Бесполезно было и пытаться ввести указательный палец меж губ. Я слегка погладил девушку. Она пронзительно кричала и просила пощады. Губы внизу немного раскрылись. Я попытался ввести палец.

«Мне больно; вы меня царапаете!» — кричала она.

В конце концов, её ноги разжались, я задрал ей платье, и она залилась слезами — слезами страха, стыда и досады.

Мой палец замер. Убирая его, я почувствовал, что он тоже орошен слезами, слезами вовсе не горькими.

«Ну что ты, не бойся!» — сказал я, обхватив её голову руками и осыпая её поцелуями, — Это была шутка. Я не хотел тебя обидеть. Ну вот, ты можешь встать. Можешь уйти, если хочешь, Я не стану удерживать тебя против воли».

И я просунул руку меж её грудей и стал пощипывать крохотные соски, размером не крупнее сочной, сладкой дикой земляники, которой веяло от девушки. Она задрожала от волнения и восторга.

«Нет, — проговорила она, даже не пытаясь встать, — я в вашей власти. Можете делать со мной, что хотите. Больше я не могу сдерживаться. Но помните, если вы меня погубите, я убью себя».

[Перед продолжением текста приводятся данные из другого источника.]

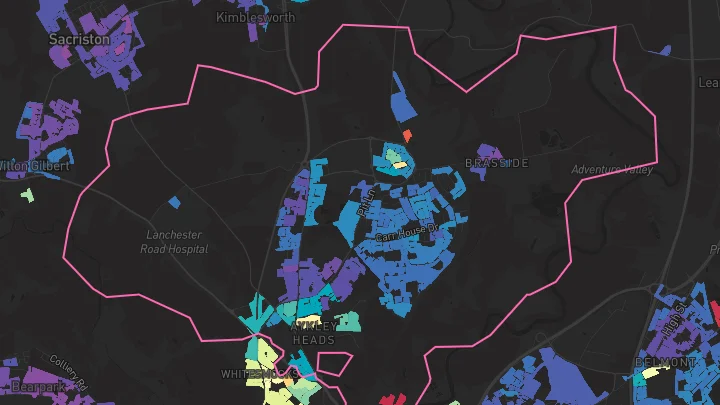 House price heatmap showing property values across Durham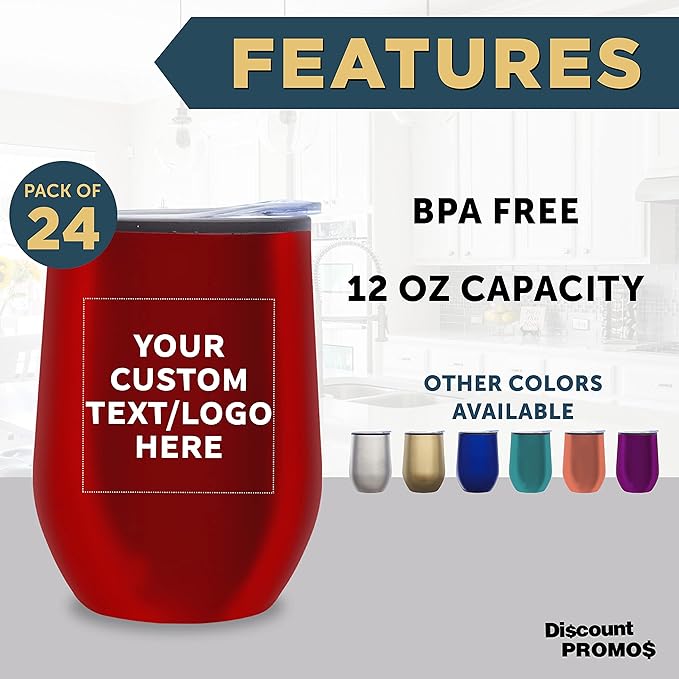 Custom Stemless Wine Tumblers 12 oz. Set of 24, Personalized Bulk Pack - Insulated, Perfect for Wine, Cocktails, Other Hot & Cold Beverages - Red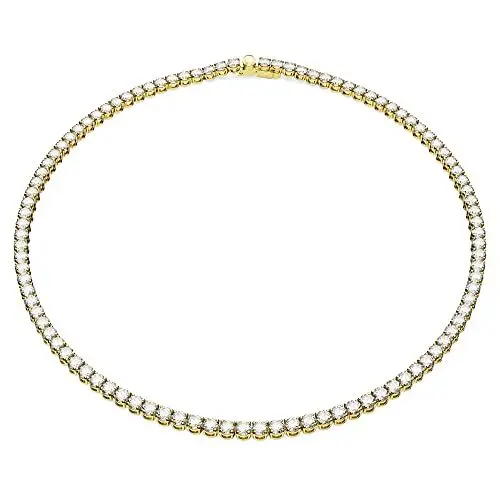 Produktbild: Swarovski Matrix Tennis Halskette, Rundschliff, Weiß, Goldlegierungsschicht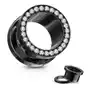 Biżuteria e-shop Stalowy tunel do ucha, przezroczyste cyrkonie w kole, kolor czarny, pvd - szerokość: 2 mm Sklep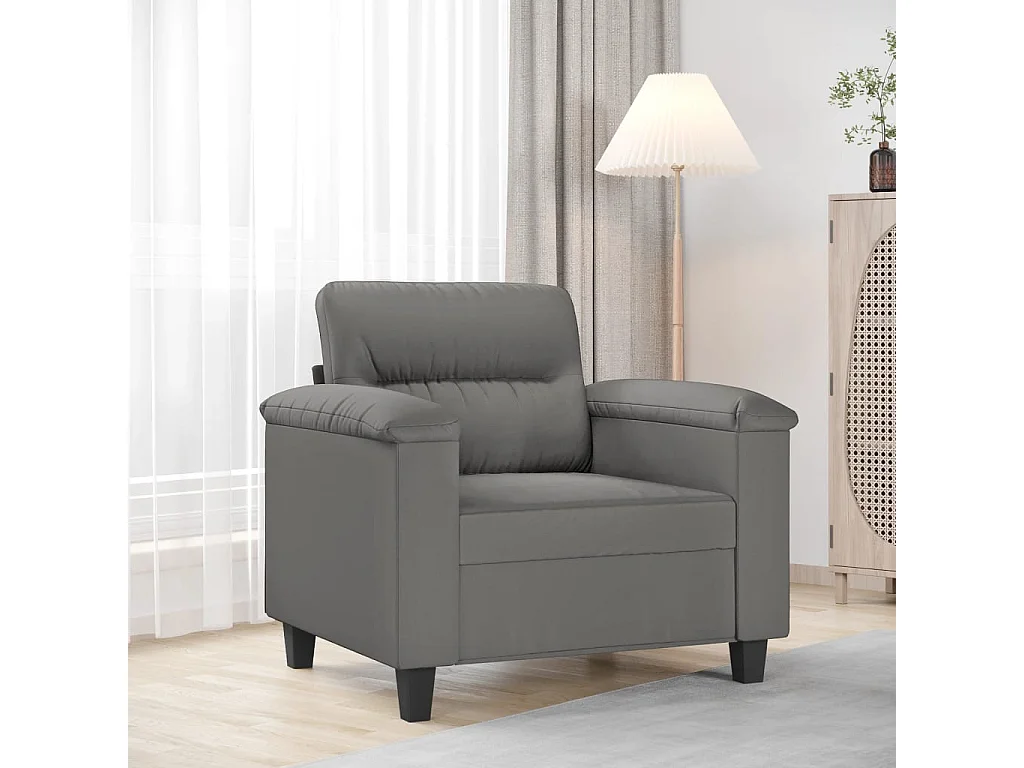 Fauteuil gris foncé 60 cm tissu microfibre REO87802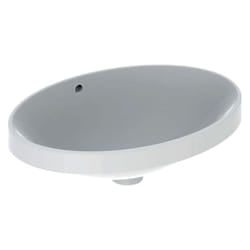 Variform lavabo ovale soprapiano 55 cm, da incasso, senza foro rubinetteria, con troppopieno, colore bianco finitura lucido 500.716.01.2 - Geberit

Когда она это говорила, глаза её светились такой искренностью, что я вздрогнул и отпустил ее. Разве я смог бы простить себе, если бы из-за меня она покончила с собой?

Однако бедная девушка смотрела на меня с такой нежностью и страстью, что было ясно — она не могла бороться со всепожирающим огнём, охватившим ее. Разве не было моим долгом дать ей испытать тот иступленный восторг, то блаженство, которого она жаждала отведать?

«Клянусь тебе, что не обижу тебя, сказал я. — Не бойся и не кричи».

Я поднял её грубую льняную рубашку и заметил крошечную щель между двух коралловых губ, оттенённых мягким, шелковистым чёрным пушком. Их цвет, блеск и свежесть придавали им сходство с раковинами, которых так много на берегах Востока.